PROVIDED RECORDS:
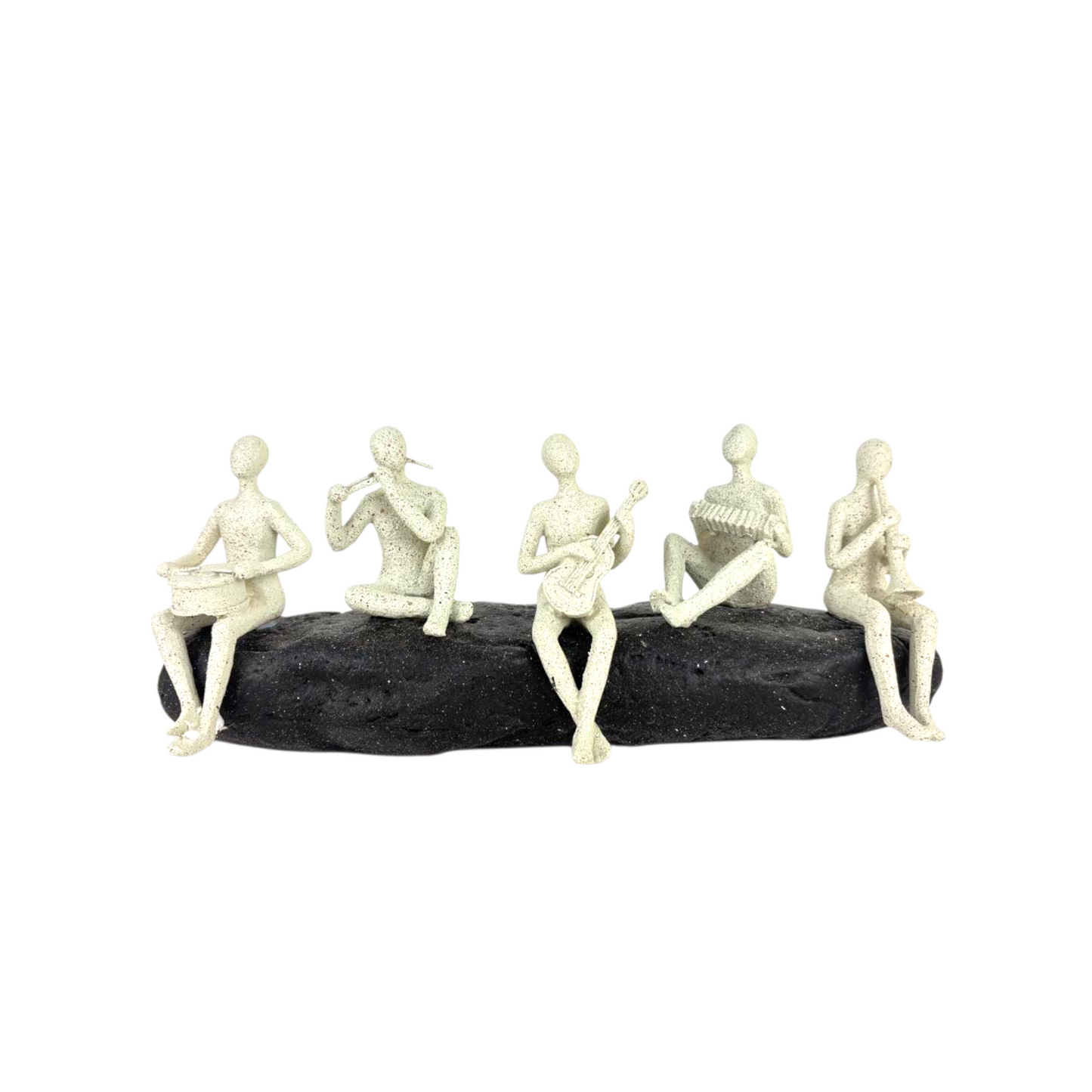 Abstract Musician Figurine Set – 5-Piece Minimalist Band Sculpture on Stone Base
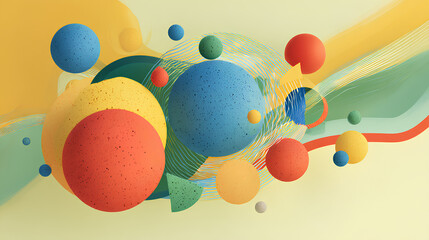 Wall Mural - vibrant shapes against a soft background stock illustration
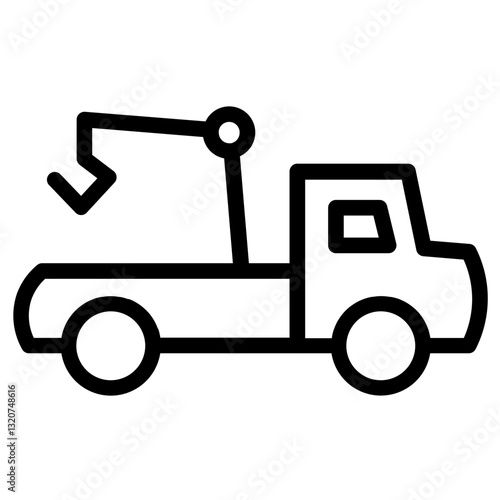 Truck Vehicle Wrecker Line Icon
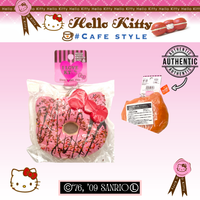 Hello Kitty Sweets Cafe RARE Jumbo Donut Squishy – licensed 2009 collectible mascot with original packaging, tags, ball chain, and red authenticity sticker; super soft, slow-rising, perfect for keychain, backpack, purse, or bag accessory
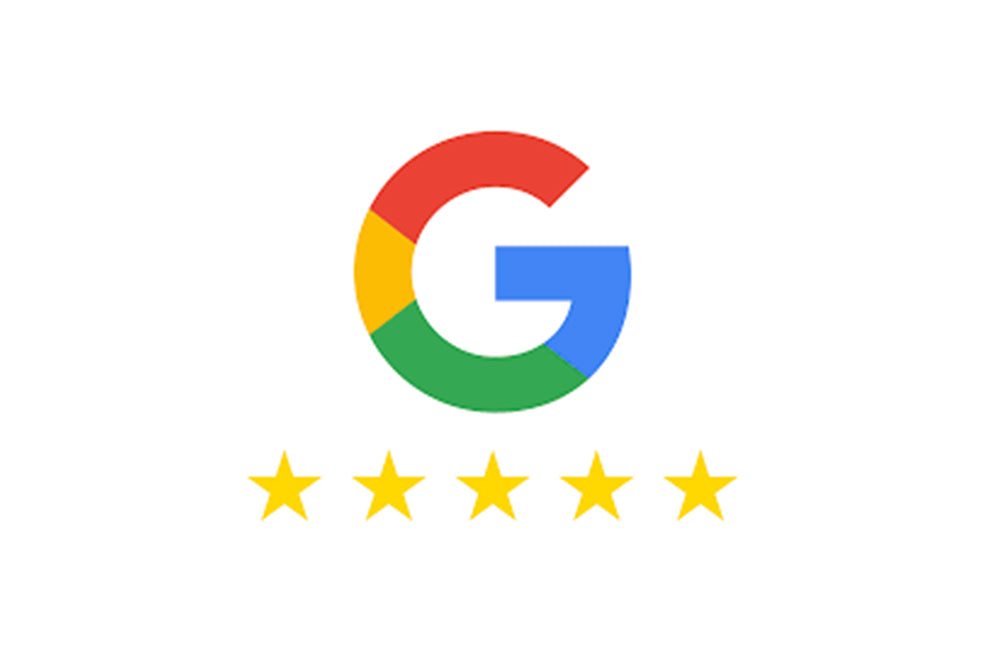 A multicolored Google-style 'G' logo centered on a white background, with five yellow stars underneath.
* * *
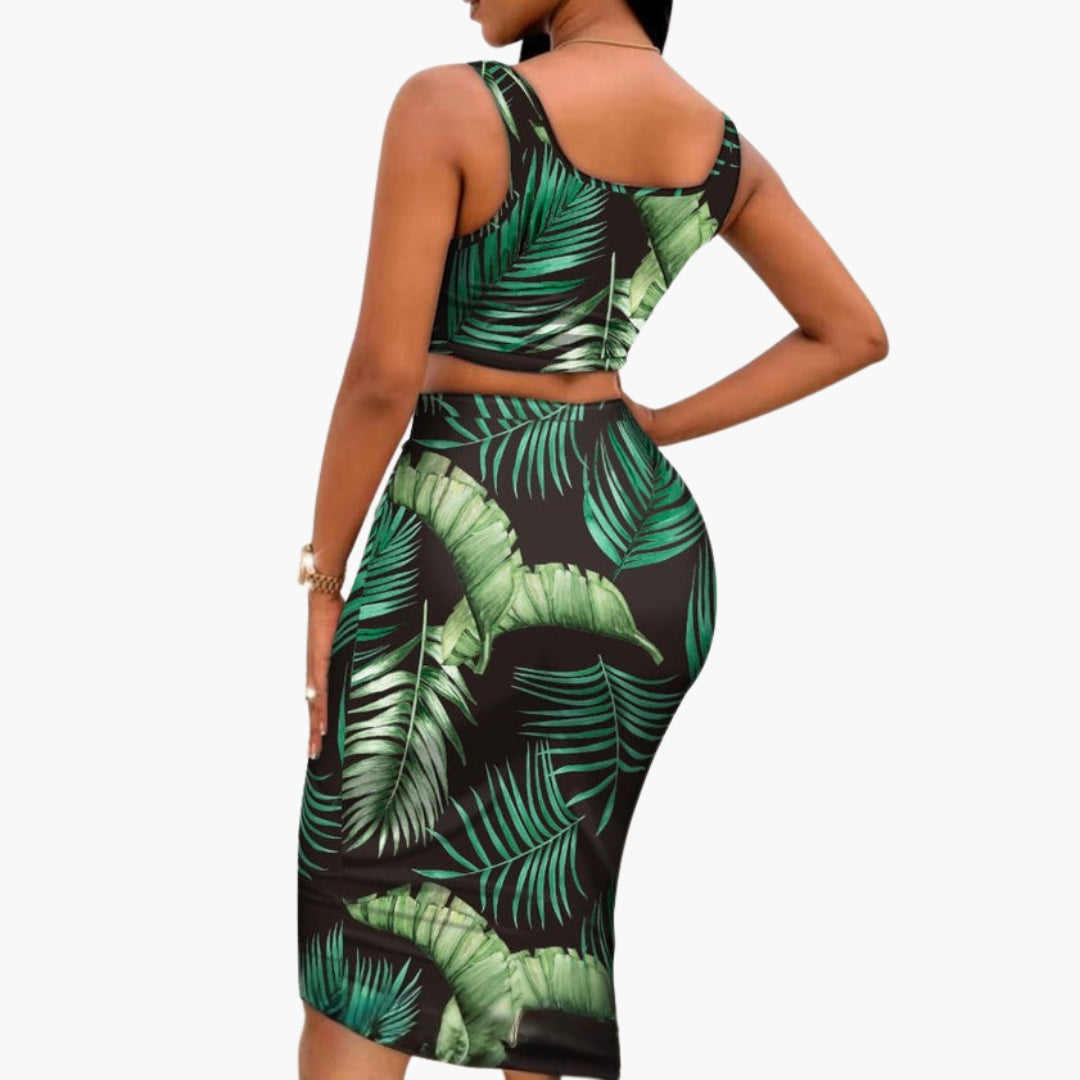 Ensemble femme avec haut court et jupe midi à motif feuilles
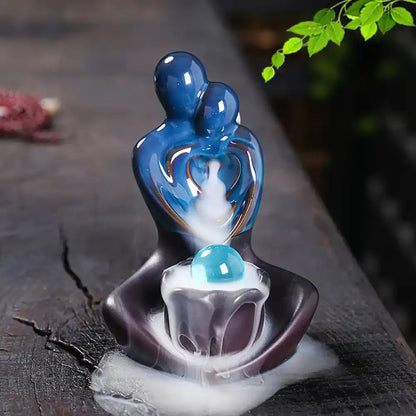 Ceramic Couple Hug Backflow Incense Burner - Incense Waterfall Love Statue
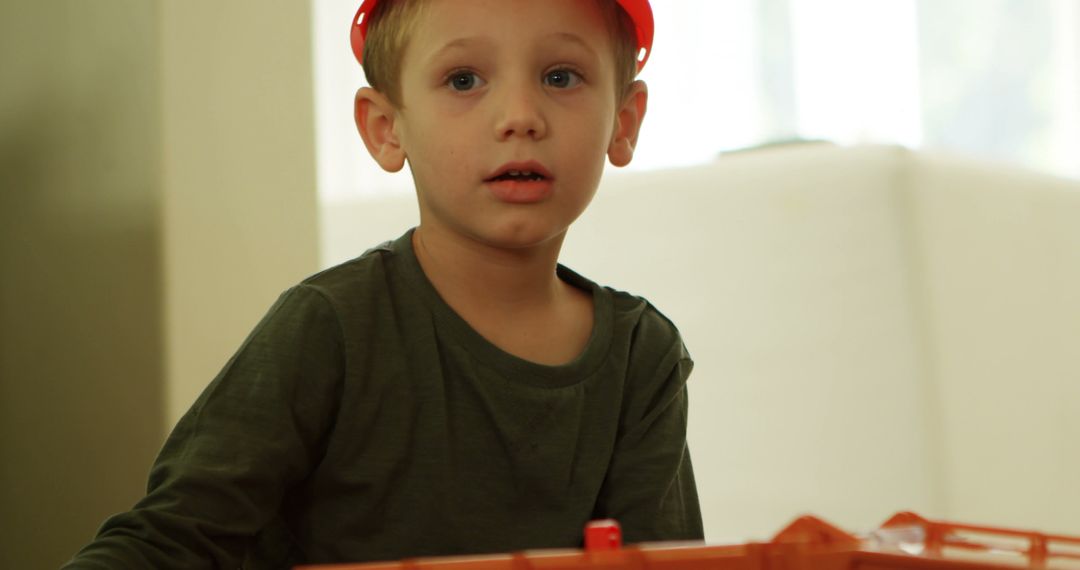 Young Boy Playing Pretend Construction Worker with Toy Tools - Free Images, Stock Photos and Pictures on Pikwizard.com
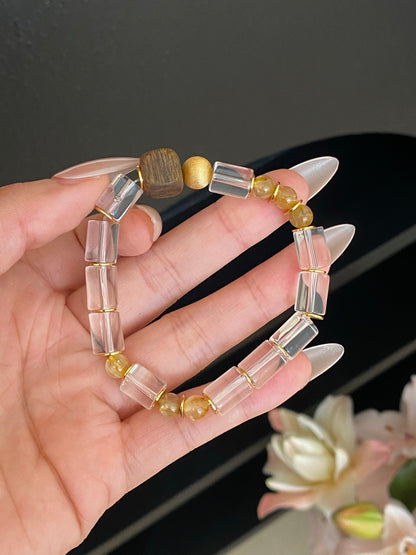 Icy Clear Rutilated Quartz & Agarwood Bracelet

ACTION ITEM: In the data above, take the line with "Hello Kitty Sweets", the line with "A multicolored Google-style", and every line between, and set them down exactly without pictures.

YOUR RESPONSE:
 Hello Kitty Sweets Cafe RARE Jumbo Donut Squishy – licensed 2009 collectible mascot with original packaging, tags, ball chain, and red authenticity sticker; super soft, slow-rising, perfect for keychain, backpack, purse, or bag accessory
 A multicolored Google-style 'G' logo centered on a white background, with five yellow stars underneath.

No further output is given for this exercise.